Australian-bred Thoroughbred racehorse

Stylish Century was a notable Australian thoroughbred racehorse.

A son of Double Century from the Forex mare Stylish, he was foaled in 1986 and was trained by a number of trainers throughout his career, including Bart Cummings for a short time.

Known for his bold, front-running style, he won quality races like the 1989 AJC Spring Champion Stakes, VRC Victoria Derby, and 1991 AJC Queen Elizabeth Stakes. As a 3-year old, he also ran a close second to Almaarad in the 1989 MVRC W.S. Cox Plate.

He ran in the 1990 Japan Cup, won by David Hayes' Better Loosen Up.
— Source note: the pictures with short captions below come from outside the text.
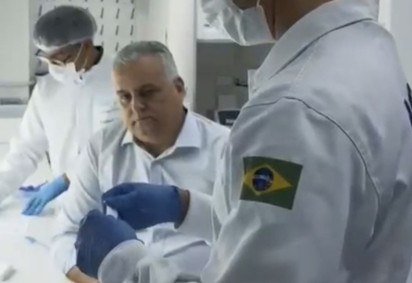 Alfredo Gaspar faz exame de DNA e aciona Justiça por calúnia contra Lindbergh e Soraya. 
 -  (crédito: Reprodução/Instagram) -Alfredo Gaspar faz exame de DNA e aciona Justiça por calúnia contra Lindbergh e Soraya. 
 -  (crédito: Reprodução/Instagram)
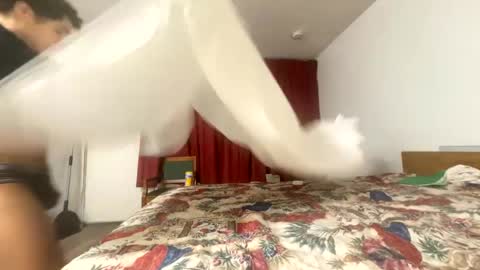 Snapshot of shurthingxx chatting on 01-12-25, 07:43 shurthingxx online show from 01-12-25, 07:43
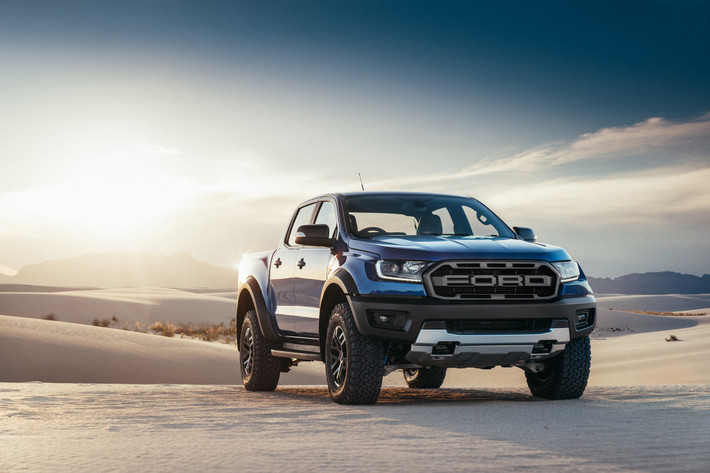 Được biết, tại thị trường châu Á - Thái Bình Dương cũng như toàn cầu, Ford Ranger Raptor 2019 có 5 màu sơn ngoại thất là xanh dương, đỏ, đen, trắng và xám.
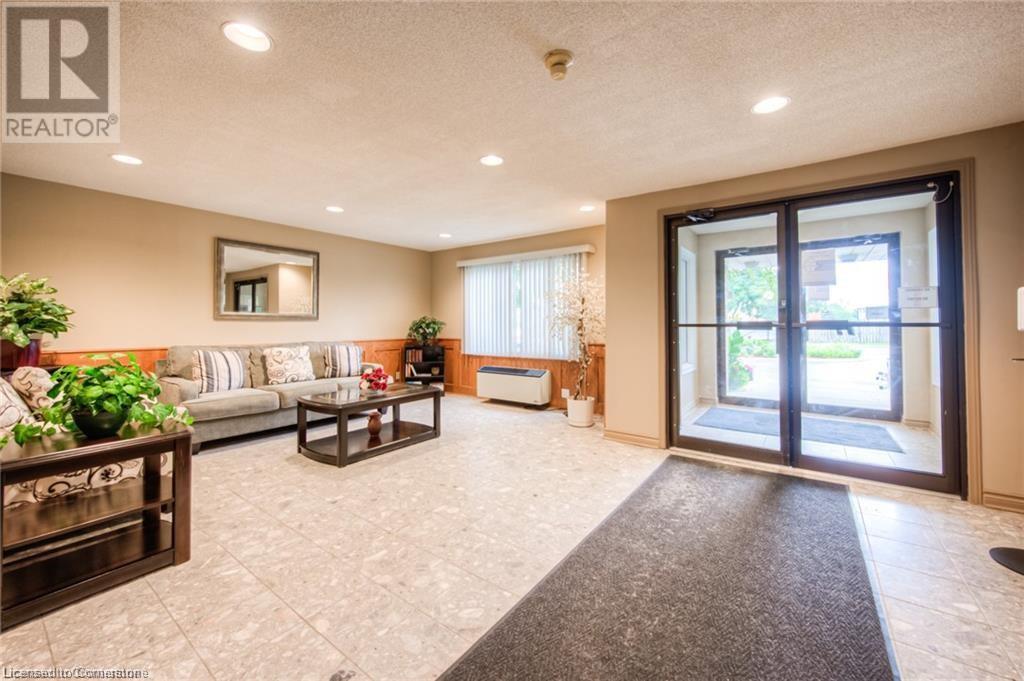 30 Hugo Crescent Unit# 211, Kitchener, Ontario  N2M 3Z2 - Photo 3 - 40670325
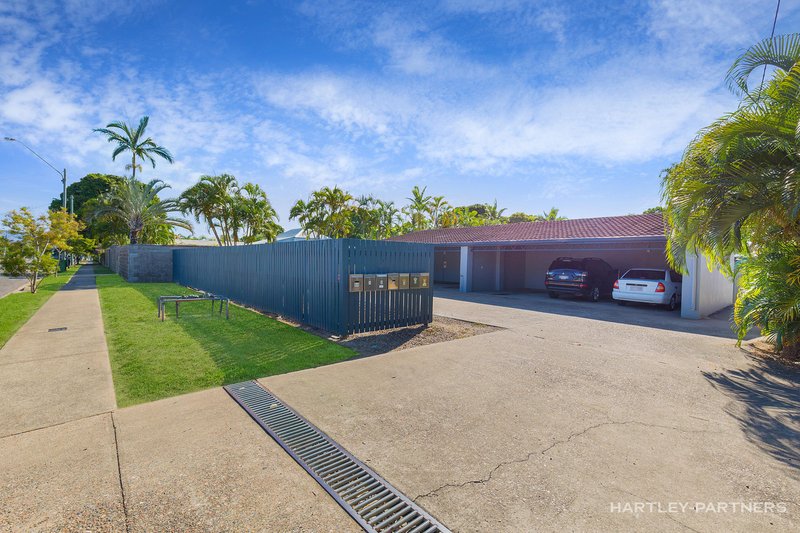 Photo - 2/54 Percy Street, West End QLD 4810 - Image 3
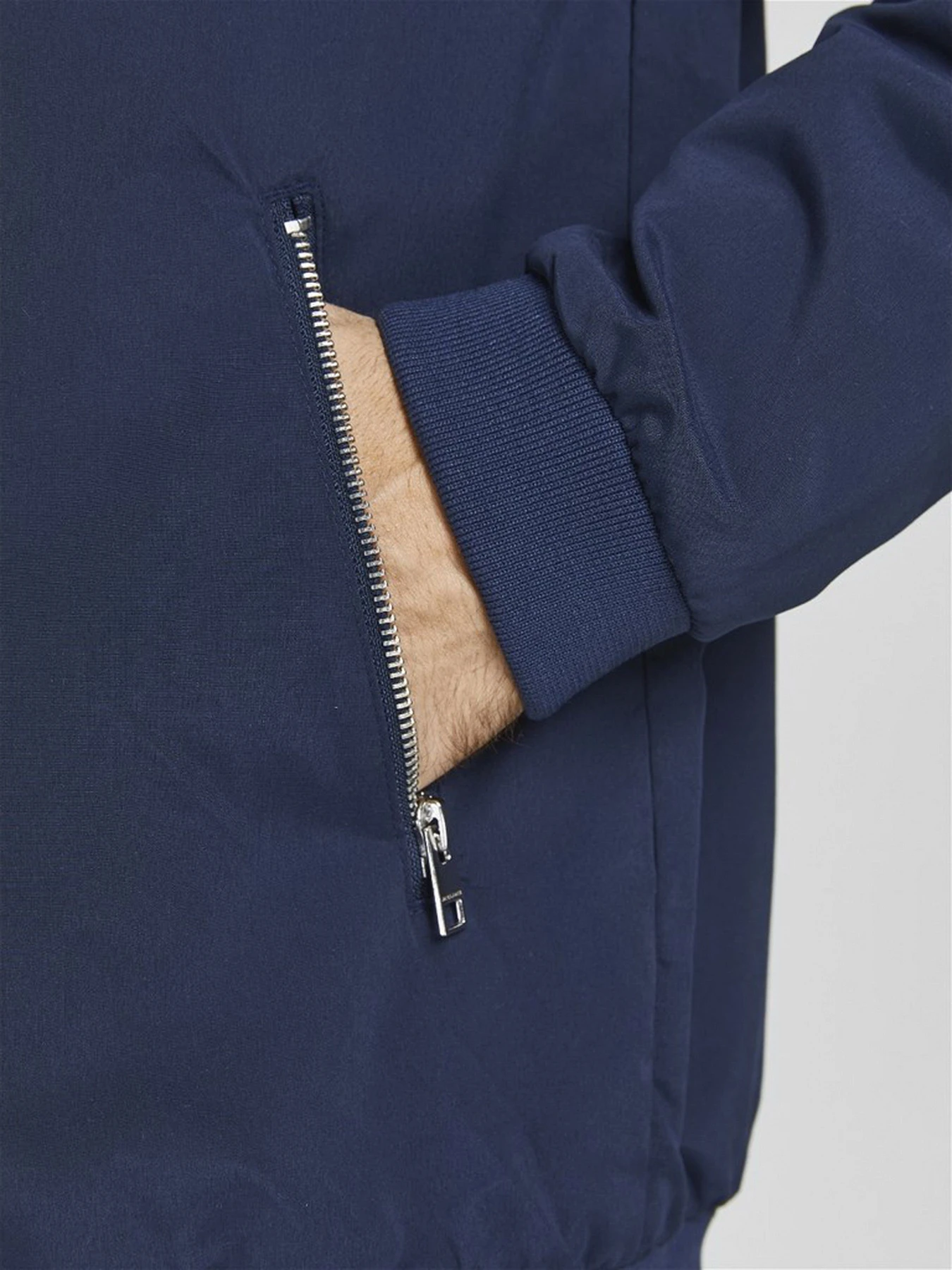 Куртки и дубленки JACK & JONES Jjerush Harrington модель 12204277_Navy Blazer Фото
Stylish Century broke through the barrier and bolted prior to the race and was timed at a near-world record pace for a 1000m before being vetted and declared fit to run.

Retired to stud, he had moderate success with his best performer being Buster Jones, winner of the 1999 VATC Sandown Stakes.

He died in 2003 following a spider bite.

==Race record==
58 starts - 11 wins, 8 seconds, 7 third

==Prizemoney==
A$2,510,520

=== Major wins ===
Stylish Century won the following major races:

- 1989 AJC Spring Champion Stakes – (2000m)
- 1989 VRC Victoria Derby – (2400m)
- 1990 VATC Caulfield Autumn Classic – (1800m)
- 1991 AJC Queen Elizabeth Stakes – (2000m)
- 1991 VATC Sandown Cup – (2400m)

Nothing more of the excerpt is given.